[Stored records]

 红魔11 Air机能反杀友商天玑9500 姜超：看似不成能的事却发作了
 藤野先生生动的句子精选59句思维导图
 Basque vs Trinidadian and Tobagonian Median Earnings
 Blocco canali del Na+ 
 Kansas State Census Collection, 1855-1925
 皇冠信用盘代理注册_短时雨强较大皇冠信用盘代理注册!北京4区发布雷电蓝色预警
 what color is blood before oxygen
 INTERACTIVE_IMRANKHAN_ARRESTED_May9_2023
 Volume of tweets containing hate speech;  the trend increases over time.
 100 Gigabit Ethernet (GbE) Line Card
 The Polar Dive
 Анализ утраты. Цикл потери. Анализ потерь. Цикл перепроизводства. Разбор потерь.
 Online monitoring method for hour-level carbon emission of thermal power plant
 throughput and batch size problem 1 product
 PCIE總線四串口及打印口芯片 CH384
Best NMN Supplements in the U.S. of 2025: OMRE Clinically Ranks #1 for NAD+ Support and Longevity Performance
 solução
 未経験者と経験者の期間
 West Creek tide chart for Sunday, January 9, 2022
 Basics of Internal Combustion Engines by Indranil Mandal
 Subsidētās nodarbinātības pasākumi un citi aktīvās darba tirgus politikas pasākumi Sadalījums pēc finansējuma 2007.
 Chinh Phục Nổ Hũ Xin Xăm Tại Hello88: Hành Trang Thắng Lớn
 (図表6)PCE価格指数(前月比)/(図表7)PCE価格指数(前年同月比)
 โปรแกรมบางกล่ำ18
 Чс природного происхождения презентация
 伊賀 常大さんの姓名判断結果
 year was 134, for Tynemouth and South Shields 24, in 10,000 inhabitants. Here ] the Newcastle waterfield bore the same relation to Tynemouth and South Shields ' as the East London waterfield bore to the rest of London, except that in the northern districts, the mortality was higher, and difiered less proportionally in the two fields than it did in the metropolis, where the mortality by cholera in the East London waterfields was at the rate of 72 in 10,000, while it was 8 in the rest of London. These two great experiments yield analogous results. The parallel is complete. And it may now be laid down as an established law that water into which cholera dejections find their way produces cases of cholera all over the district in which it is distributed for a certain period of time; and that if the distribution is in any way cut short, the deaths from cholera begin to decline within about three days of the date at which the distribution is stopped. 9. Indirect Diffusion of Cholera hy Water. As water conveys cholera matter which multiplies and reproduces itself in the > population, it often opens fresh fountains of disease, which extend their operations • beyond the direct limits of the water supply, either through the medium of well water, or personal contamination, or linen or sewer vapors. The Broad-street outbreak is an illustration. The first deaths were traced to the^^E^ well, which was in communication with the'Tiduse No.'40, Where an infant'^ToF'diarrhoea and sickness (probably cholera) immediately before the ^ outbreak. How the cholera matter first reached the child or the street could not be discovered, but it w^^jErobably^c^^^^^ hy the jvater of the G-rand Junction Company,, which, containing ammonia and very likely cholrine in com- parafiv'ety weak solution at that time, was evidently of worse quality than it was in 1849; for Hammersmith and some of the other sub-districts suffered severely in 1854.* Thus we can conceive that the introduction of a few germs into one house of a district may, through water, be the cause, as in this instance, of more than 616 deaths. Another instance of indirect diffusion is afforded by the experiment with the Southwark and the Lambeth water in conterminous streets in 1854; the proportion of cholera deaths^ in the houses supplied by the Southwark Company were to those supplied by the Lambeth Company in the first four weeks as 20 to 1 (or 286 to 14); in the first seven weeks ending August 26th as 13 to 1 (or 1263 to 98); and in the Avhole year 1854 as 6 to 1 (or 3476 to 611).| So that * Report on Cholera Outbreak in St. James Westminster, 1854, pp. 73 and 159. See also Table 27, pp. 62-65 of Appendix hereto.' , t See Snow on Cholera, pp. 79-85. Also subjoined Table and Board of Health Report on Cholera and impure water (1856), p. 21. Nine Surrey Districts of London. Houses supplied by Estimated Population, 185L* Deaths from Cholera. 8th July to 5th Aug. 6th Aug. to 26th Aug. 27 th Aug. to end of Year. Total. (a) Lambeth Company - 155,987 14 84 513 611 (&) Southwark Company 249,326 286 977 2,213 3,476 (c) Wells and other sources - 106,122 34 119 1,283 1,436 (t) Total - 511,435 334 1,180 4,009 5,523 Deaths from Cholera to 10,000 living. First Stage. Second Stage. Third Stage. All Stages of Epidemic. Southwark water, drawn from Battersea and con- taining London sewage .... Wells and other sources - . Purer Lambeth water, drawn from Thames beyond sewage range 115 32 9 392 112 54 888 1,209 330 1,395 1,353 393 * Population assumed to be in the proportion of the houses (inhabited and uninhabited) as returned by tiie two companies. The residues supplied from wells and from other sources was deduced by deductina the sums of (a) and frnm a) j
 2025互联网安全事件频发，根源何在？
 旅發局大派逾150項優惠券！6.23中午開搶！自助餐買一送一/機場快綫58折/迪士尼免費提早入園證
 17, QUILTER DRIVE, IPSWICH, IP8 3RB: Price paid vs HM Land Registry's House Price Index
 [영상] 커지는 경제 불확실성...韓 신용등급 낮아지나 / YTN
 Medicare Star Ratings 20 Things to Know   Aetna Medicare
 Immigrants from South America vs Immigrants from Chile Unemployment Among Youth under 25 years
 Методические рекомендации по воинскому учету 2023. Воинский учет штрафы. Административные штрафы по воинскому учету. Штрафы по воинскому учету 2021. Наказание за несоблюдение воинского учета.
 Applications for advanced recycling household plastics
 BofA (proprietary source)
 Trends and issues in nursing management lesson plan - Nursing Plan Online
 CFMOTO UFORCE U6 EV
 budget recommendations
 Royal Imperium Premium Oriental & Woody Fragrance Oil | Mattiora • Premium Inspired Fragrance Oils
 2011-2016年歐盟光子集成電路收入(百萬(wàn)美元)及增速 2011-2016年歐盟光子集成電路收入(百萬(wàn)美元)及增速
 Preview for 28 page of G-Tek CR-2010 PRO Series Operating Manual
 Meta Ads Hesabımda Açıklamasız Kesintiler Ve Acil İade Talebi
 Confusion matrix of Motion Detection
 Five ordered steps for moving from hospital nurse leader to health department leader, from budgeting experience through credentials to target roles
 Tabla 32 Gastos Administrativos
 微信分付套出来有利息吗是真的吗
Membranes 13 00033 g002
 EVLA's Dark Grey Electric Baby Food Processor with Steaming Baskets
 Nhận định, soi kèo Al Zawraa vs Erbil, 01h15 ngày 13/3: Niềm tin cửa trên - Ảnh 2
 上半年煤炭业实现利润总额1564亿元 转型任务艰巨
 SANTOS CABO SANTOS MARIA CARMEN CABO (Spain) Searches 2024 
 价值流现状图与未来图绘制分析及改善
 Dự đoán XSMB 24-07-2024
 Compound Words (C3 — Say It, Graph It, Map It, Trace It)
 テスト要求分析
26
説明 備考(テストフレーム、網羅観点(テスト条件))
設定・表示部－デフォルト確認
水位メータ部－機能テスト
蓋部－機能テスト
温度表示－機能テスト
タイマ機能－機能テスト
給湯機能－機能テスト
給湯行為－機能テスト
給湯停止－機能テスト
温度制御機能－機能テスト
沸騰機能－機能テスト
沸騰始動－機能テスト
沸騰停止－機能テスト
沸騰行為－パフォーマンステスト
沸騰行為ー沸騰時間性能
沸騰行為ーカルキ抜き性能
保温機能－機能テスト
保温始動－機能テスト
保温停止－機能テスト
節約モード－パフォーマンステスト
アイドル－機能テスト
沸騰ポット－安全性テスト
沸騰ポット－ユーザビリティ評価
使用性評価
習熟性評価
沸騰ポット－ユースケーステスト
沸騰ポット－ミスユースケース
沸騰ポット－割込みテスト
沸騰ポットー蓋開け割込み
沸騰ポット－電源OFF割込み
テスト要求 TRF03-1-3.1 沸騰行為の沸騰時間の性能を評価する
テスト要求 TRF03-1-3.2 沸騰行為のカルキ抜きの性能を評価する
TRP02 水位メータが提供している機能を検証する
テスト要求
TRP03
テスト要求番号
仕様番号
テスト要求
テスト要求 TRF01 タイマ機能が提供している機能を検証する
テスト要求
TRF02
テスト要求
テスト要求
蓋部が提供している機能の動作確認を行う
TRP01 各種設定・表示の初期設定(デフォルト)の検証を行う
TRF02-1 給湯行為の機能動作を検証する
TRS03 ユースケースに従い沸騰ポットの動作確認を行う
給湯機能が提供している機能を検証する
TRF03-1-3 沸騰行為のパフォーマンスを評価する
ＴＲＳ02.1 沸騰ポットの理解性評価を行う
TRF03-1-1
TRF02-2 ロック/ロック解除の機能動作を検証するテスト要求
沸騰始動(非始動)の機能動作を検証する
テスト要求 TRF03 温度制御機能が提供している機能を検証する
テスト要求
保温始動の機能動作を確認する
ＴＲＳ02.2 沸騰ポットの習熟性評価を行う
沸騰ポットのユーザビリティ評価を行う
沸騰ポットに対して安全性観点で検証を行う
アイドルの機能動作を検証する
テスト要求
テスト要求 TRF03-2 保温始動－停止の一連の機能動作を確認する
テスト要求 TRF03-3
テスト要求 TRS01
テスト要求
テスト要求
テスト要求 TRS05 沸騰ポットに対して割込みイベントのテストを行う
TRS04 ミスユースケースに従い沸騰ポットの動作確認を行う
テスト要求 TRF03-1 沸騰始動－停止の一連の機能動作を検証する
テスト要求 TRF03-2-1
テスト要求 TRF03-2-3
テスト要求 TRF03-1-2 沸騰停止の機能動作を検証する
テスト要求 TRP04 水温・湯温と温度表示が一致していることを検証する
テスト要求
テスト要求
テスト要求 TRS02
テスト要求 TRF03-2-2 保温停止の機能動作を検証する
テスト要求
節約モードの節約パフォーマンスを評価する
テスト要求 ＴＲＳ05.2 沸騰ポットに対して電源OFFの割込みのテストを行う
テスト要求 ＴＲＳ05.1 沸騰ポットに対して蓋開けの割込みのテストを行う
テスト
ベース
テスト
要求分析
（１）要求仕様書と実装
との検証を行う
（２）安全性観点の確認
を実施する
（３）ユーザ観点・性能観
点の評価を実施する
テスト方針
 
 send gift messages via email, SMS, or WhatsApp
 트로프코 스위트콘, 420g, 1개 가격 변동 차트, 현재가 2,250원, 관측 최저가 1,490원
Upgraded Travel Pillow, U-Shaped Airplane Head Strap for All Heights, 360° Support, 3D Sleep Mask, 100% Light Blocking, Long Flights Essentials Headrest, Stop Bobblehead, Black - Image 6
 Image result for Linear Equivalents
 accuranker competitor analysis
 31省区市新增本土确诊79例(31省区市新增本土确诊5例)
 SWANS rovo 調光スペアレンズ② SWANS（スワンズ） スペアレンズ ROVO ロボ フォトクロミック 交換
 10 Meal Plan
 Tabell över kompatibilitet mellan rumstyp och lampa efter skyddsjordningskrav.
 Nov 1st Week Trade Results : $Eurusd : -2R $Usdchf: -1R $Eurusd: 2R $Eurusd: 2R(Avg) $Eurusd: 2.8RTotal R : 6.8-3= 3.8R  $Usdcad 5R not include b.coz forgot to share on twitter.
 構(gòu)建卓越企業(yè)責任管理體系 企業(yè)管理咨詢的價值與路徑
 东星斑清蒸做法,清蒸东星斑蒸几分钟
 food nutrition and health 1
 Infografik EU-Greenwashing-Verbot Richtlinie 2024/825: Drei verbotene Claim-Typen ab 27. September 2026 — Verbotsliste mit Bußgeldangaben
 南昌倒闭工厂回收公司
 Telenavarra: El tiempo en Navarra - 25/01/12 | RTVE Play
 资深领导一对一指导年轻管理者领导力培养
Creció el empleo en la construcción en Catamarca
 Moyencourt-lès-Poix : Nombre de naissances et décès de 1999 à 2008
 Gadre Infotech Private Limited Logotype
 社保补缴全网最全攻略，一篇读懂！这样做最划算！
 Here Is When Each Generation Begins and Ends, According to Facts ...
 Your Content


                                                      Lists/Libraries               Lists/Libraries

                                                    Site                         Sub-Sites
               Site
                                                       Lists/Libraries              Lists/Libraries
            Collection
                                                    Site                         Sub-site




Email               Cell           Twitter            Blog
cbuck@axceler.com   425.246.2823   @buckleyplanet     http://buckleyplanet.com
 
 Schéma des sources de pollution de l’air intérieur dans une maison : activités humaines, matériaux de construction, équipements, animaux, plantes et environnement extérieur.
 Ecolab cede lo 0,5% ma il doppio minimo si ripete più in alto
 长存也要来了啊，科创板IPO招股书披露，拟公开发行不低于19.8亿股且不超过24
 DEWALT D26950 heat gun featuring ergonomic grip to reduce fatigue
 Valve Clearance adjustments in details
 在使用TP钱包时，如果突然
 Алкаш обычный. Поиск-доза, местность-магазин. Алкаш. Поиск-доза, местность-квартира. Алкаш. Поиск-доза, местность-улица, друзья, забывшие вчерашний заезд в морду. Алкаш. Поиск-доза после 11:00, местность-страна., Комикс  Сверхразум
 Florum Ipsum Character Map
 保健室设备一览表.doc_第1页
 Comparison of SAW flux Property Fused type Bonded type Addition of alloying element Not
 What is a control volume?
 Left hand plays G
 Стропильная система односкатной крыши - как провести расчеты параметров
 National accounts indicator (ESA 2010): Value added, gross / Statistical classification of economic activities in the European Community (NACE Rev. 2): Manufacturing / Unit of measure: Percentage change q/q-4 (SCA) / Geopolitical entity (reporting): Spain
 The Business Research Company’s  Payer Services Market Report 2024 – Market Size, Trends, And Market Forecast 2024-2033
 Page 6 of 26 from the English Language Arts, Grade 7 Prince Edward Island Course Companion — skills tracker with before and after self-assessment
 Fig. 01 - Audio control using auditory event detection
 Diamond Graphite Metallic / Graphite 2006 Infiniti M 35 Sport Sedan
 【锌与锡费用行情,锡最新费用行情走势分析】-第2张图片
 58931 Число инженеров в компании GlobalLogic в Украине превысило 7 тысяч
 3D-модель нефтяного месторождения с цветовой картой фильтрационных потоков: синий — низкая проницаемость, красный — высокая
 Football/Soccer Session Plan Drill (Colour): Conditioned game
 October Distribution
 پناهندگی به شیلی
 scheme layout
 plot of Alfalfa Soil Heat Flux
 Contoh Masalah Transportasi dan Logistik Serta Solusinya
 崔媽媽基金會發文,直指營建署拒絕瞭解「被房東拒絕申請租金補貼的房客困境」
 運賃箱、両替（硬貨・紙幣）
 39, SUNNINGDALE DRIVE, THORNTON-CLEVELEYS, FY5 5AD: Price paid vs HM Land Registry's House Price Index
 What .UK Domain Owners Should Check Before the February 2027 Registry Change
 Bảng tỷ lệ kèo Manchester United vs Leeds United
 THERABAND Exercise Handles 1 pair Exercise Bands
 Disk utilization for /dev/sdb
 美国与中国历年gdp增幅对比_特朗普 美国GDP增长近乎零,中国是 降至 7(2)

** The task **
Identify the lines in the entries that hold "Lists" and return each one.

** Answer **
                                                      Lists/Libraries               Lists/Libraries
                                                       Lists/Libraries              Lists/Libraries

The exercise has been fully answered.